La classe dirigeante américaine est bien consciente de cette colère profonde et s’efforce de la désamorcer ou, à défaut, de la canaliser vers des chemins plus sûrs. Après avoir fait voter une loi pour interdire la grève des travailleurs du rail, l’an dernier, Joe Biden a décidé de jouer cette fois-ci la carte de « l’ami des syndicats » : il s’est rendu sur un piquet de grève pour apporter son « soutien » à l’UAW. Les Démocrates espèrent capter la colère des masses à leur profit lors des élections présidentielles de 2024. Malheureusement, au lieu de dénoncer l’hypocrisie de Biden, les dirigeants de l’UAW ont joué son jeu. Shawn Fain s’est même pris en photo avec le président sur le piquet de grève.
L’impact économique de la grève a été énorme. General Motors aurait perdu jusqu’à 130 millions de dollars en une semaine lorsque son usine d’Arlington s’est mise en grève.
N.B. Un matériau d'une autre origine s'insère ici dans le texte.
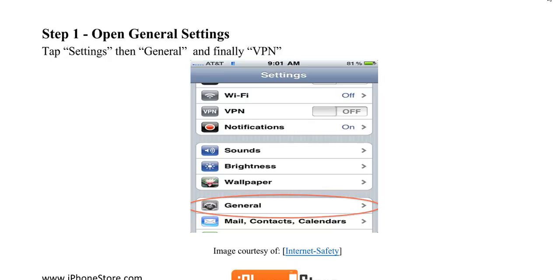First, you'll need to open your General Settings. Tap the Settings and then General and then VPN.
Mi-octobre, les usines canadiennes des trois groupes ont commencé à rallier le mouvement. Sous l’impulsion de l’UAW, des entreprises plus petites, comme le constructeur de poids lourds Mack Trucks, se sont aussi mises en grève pour obtenir des augmentations de salaire.
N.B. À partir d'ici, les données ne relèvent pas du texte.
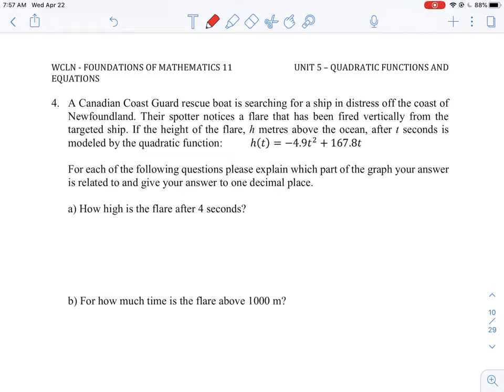In this question we're going to take a look at how we can use Desmos, the graphing tool, in order to solve all the answers that are requested in this problem. The first thing we need to do is look at what our equation is and understand how we can code that and type it into Desmos.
Une victoire en demi-teinte
Ford a été la première entreprise à proposer un accord. Stellantis et General Motors ont rapidement suivi et se sont alignées sur la position de Ford, qui proposait une augmentation de salaire de 25 % échelonnée sur quatre ans, la modification des grilles salariales et des primes supplémentaires pour les retraités. L’UAW a accepté ces conditions et la grève s’est achevée fin octobre.
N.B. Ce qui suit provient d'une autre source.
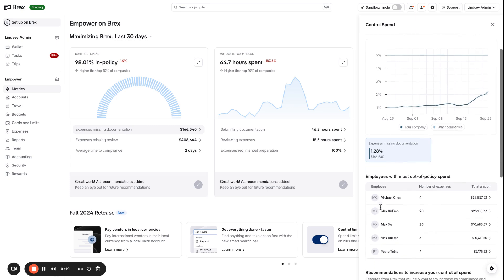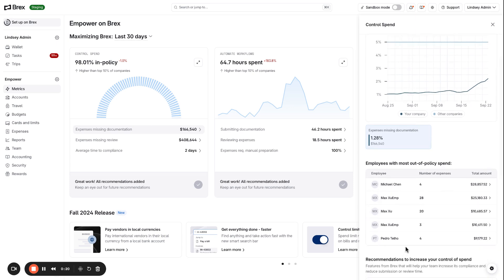I can also quickly see who are the top five employees with the most out of policy spend to easily remind them and take action on those missing documents.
Alors que la grève était massive et a durement touché aux portefeuilles des trois géants de l’industrie automobile, elle s’est soldée par une victoire en demi-teinte. Les grilles salariales ont été simplifiées, mais elles existent toujours. Quant aux promesses d’augmentation des salaires, elles sont bienvenues, mais ne permettront pas de compenser l’inflation de ces dernières années.
Le problème était la tactique adoptée par la direction de l’UAW. Au lieu de mettre en grève toutes les usines en même temps – sachant que 97 % des 150 000 syndiqués de l’UAW avaient voté pour la grève –, le syndicat a opté pour une grève « par appel » : certaines usines étaient appelées à se mettre en grève une semaine, puis d’autres usines la semaine suivante, etc. La première semaine de grève a mobilisé moins de 10 % des syndiqués ! L’effet principal de cette tactique fut de désorienter les travailleurs qui, bien souvent, ne savaient souvent pas s’ils feraient grève la semaine suivante. Par ailleurs, les premiers à partir en grève étaient déjà épuisés lorsque les derniers sont entrés dans la lutte. Cette dispersion a affaibli la grève et renforcé la position des patrons dans les négociations.
Cette lutte est terminée, mais d’autres se préparent. Comme l’expliquent nos camarades américains de Socialist Revolution, la classe ouvrière doit renouer avec ses traditions militantes. Dans les années 1930 et 1940, sous l’impulsion de militants communistes et trotskystes, les syndicats avaient mené des luttes très dures, marquées notamment par des grèves massives et des occupations d’usines. Seule une lutte résolue contre le système capitaliste et ses représentants – y compris Biden et les Démocrates – permettra de défendre et d’améliorer les conditions de vie et de travail des travailleurs américains.